Bonus and incentive compensation is under increasing scrutiny as the SEC and bank regulators determine the rules on performance-based compensation.  Yet, financial institutions must reward their top employees to retain their best people and deliver the results their shareholders demand.

According to Reuters, "The latest proposal from the SEC would require brokers, dealers and investment advisers with assets of over $1 billion to disclose their incentive-based compensation arrangements, and it places restrictions on schemes that could encourage excessive risk-taking.
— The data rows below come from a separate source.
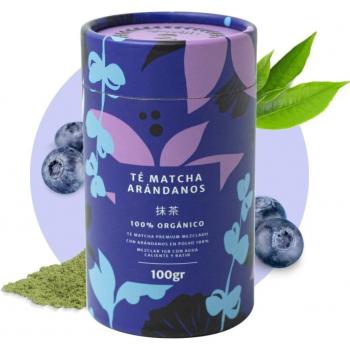 Matchaflix Matcha Blueberry 100g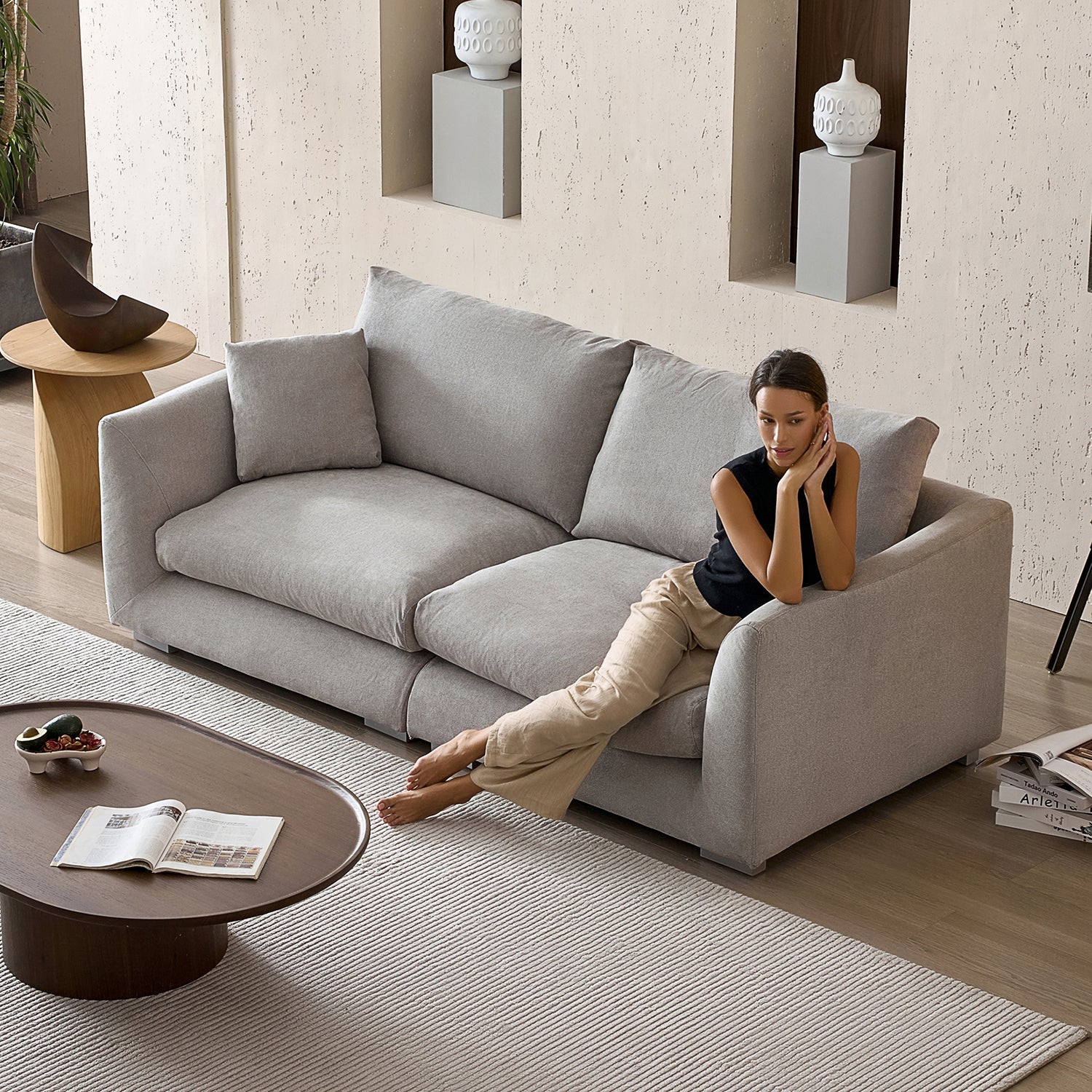 Feathers Sofa - Image 97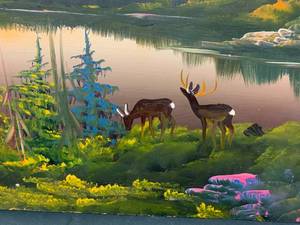 lot 33 image: ORIGINAL ART BY 1960s ARTIST PLETAN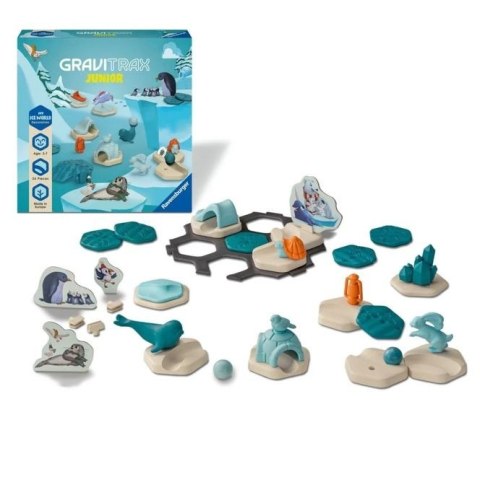 Gravitrax Junior Zestaw Uzupełniający Lodowa Przygoda Gravitrax Junior Zestaw Uzupełniający Lodowa Przygoda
Executives at larger firms of $50 billion in assets or more would also have at least half of their incentive-based compensation deferred for three years."

By no means is this attention on incentive compensation and regulation limited to banks, investment advisors and broker dealers.  In recent years, insurance brokers were prohibited from taking contingency fees because of the potential conflict of interest with their customers and carriers.  They now can accept those fees at the risk of  increased regulatory attention.

What we are finding is that leading firms are proactively turning to companies like Varicent for a modern incentive compensation system that doubles as a risk and compliance solution for performance-based compensation.  Today, many banks, wealth advisors and insurance companies are using a collection of spreadsheets, legacy software, and home-grown and manual solutions to manage incentive compensation.  These methods were not designed to support the scrutiny and demands of the new world of incentive compensation.  The modern systems from companies like Varicent enable financial services institutions to implement incentive compensation programs that are risk-appropriate, supported by effective governance.